Im nächsten Frühsommer, als der Mohn wieder zu blühen begann, brachte Hella ihr Kind zur Welt. Es war ein Mädchen, das sie untypischer Weise Mohnika nannte. Die Leute wunderten sich zwar anfangs über die ungewöhnliche Schreibweise. Den kleinen Schreihals mit den Grübchen, den veilchenblauen Augen und dem blonden Schopf musste man aber einfach ins Herz schließen. Und so vergingen die Jahre. Hella erbte nach Sarah Westleys Tod das Gut, das sie später an Mohnika, die eine beliebte Nachrichtensprecherin wurde, weitergab. Geheiratet hatte Hella nicht wieder. Schließlich fühlte sie Gabriels Gegenwart auch noch nach so vielen Jahren so deutlich wie am Tag ihrer Hochzeit.

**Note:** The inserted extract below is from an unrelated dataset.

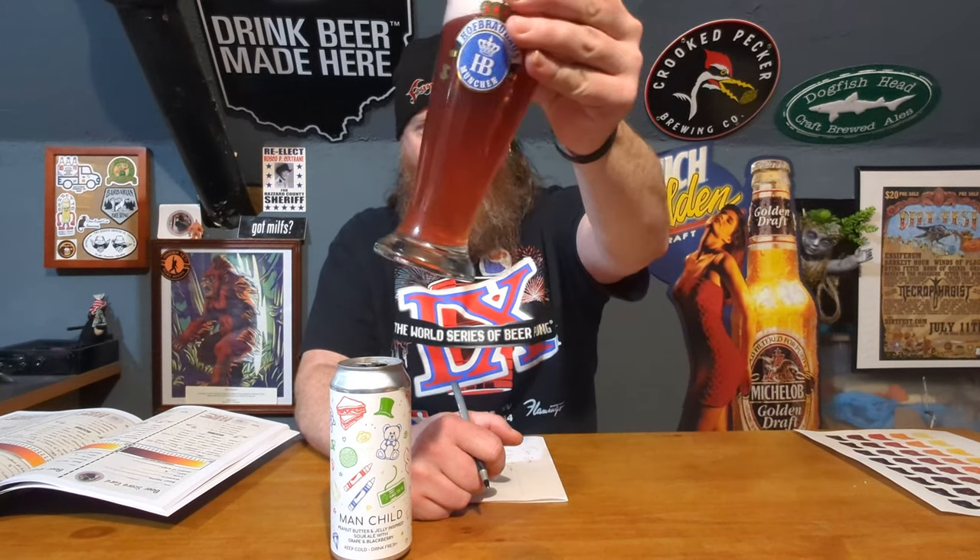For color, being a peanut butter and jelly-inspired beer, I would definitely give that a 3 because that's the color I'd love to see. Nice, big, fizzy head — and it's dissipating rather quickly. It's a nice pinkish, almost jelly-like color. Almost like rosé.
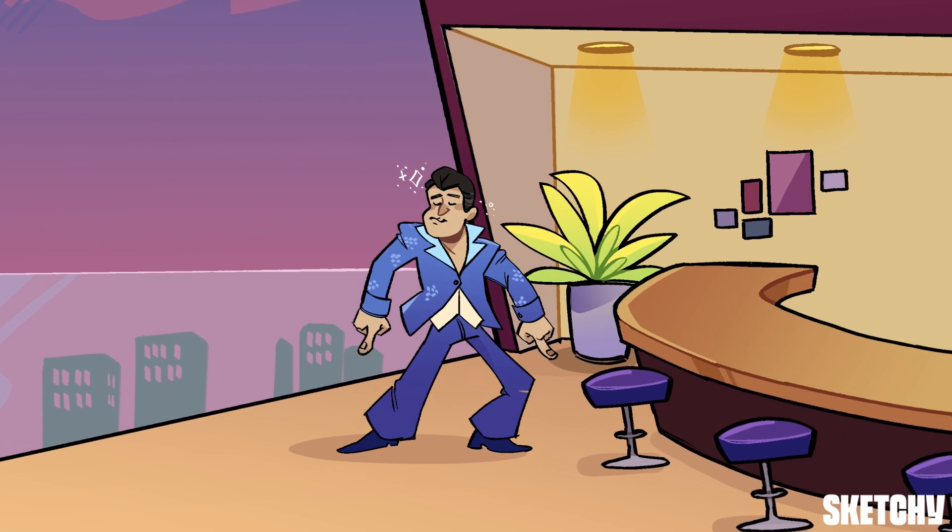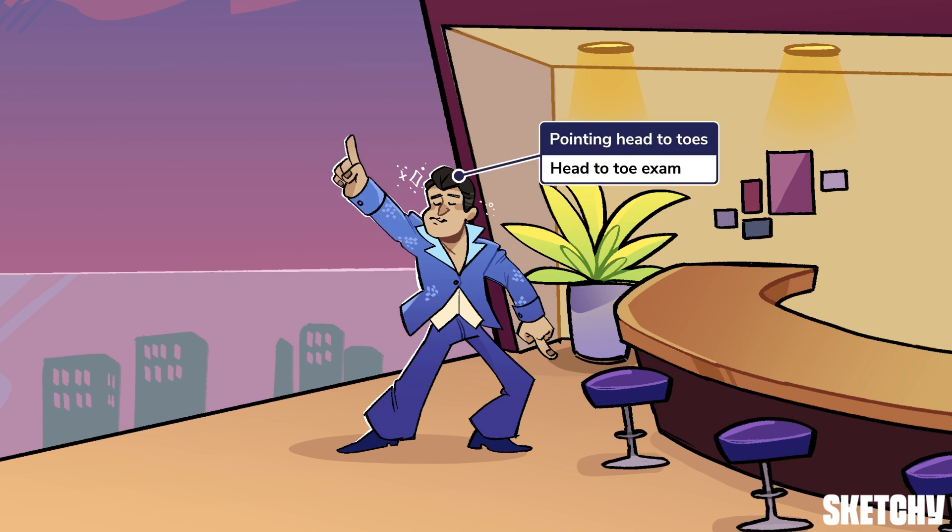In the primary survey assessment, we left off at E, which involved exposing all of the patient so as not to miss any injuries. And this leads us directly into the head-to-toe physical exam, demonstrated by the moves of our wild disco enthusiast here.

Es geschah kurz nach Hellas 75. Geburtstag. Sie kletterte langsam aus dem Bett, warf einen Blick aus dem Schlafzimmerfenster und wollte ins Bad, um sich zu waschen, als sie plötzlich zusammenzuckte. Irgendetwas war heute anders. Außerdem spürte sie eine beunruhigende Leere in ihrem Innern. Was war bloß los mit ihr? Da fiel es ihr wie Schuppen von den Augen. Gabriel war weg. Seine liebevolle Gegenwart, die sie all die Jahre über begleitet hatte, war verschwunden. Plötzlich läutete das Telefon im Flur.

Hella griff völlig verstört nach dem Hörer. Das, was ihr die Stimme am anderen Ende sagte, konnte sie zuerst gar nicht begreifen. Aber dann fügte sich auf einmal alles wie ein Puzzle zusammen. Bei Bauarbeiten hatte man Gabriels Flugzeug entdeckt und aus dem belgischen Moor geborgen. Nun, da sein Leichnam identifiziert war, wollte man wissen, ob eine Überstellung noch immer erwünscht war. „Also das war es gewesen – Gabriel war nach all der Zeit ins Licht gegangen.“

Endlich konnte sie sich die Leere in ihrem Herzen erklären. Das Begräbnis fand zwei Wochen später statt. Fliegerleutnant Gabriel Gifford wurde mehr als 50 Jahre nach seinem Tod im Familiengrab neben Tante Sarah beigesetzt. Als sie ihm eine rote Rose als letzten Gruß ins offene Grab werfen wollten, musste sie plötzlich verwirrt innehalten. Neben dem Grabhügel war eine kleine rote Mohnblume erblüht. „Bis bald mein Herz! Ich warte drüben auf dich …“, flüsterte Gabriels Stimme im Wind.